* [YOUR OBJECTIVE]:
Set down word for word each line from the start of the listing through the line that contains "Hot Water Beach", both included.

○ ○ ○ ○

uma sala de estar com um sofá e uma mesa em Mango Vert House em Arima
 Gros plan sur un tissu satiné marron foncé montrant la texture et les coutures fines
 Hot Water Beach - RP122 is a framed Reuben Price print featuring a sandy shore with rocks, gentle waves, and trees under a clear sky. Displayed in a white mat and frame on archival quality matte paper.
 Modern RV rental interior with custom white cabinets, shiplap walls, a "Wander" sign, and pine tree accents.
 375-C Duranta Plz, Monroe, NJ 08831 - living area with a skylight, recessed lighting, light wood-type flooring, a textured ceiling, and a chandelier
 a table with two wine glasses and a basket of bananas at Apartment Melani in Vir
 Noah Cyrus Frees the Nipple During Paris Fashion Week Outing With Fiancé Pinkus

○ ○ ○ ○

* [OUTPUT OF THE EXERCISE]:
uma sala de estar com um sofá e uma mesa em Mango Vert House em Arima
 Gros plan sur un tissu satiné marron foncé montrant la texture et les coutures fines
 Hot Water Beach - RP122 is a framed Reuben Price print featuring a sandy shore with rocks, gentle waves, and trees under a clear sky. Displayed in a white mat and frame on archival quality matte paper.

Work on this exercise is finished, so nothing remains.